AVAILABLE DATA

────────────────

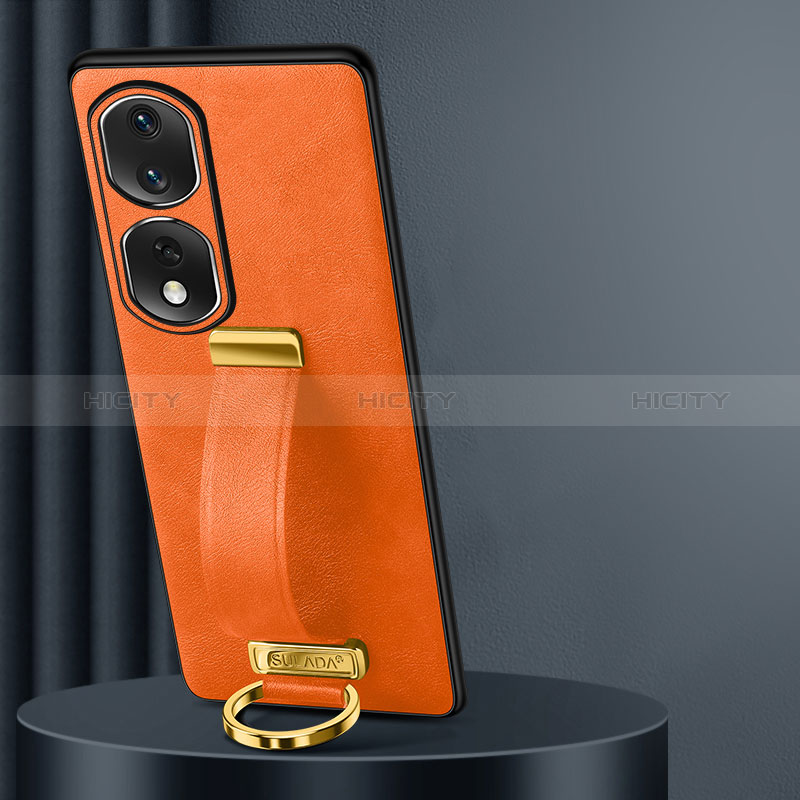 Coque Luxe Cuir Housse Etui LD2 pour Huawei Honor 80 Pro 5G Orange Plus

────────────────

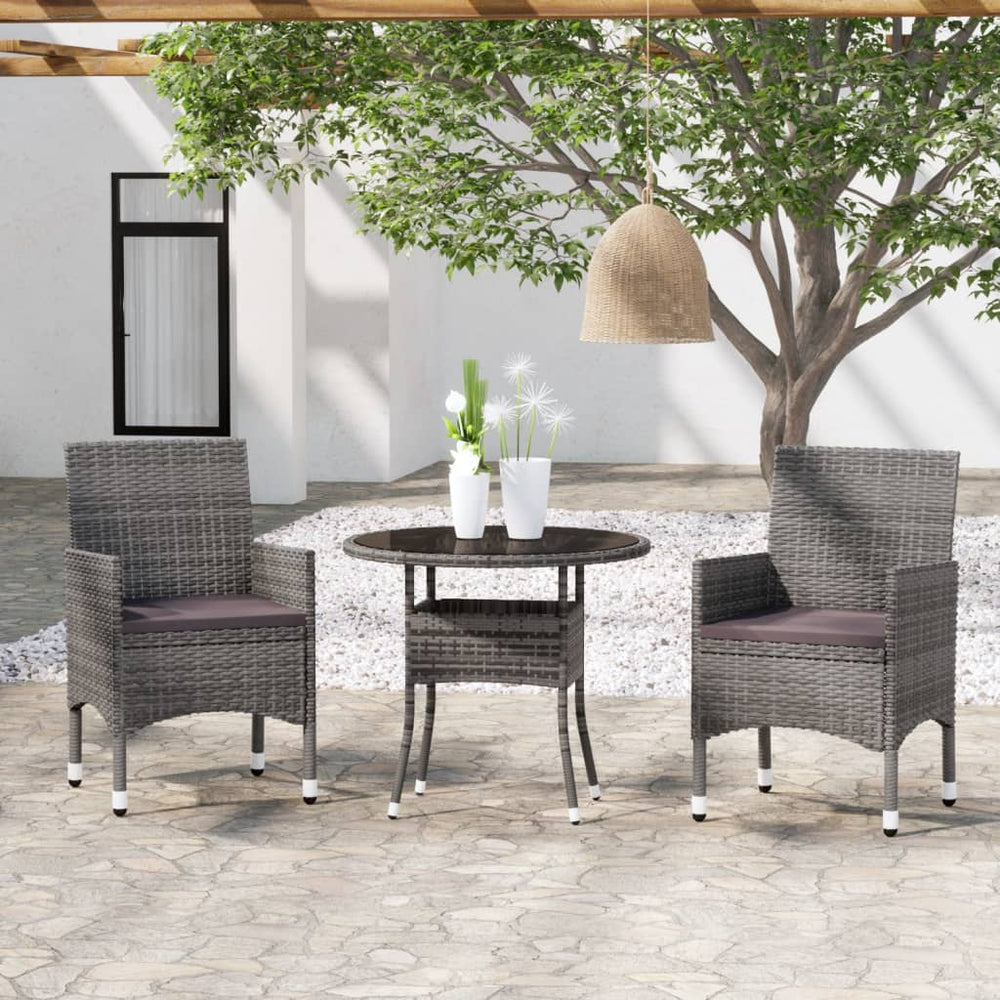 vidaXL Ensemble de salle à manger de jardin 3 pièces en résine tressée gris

────────────────

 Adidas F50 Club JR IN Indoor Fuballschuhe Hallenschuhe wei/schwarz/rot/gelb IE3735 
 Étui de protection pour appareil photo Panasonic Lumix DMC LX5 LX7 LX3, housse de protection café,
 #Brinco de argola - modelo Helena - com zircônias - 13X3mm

────────────────

EXERCISE INSTRUCTIONS
Using the records above, set down exactly the lines from the one with "Adidas F50 Club" through the one with "#Brinco de argola", inclusive, and nothing more.

ANSWER SPACE
 Adidas F50 Club JR IN Indoor Fuballschuhe Hallenschuhe wei/schwarz/rot/gelb IE3735 
 Étui de protection pour appareil photo Panasonic Lumix DMC LX5 LX7 LX3, housse de protection café,
 #Brinco de argola - modelo Helena - com zircônias - 13X3mm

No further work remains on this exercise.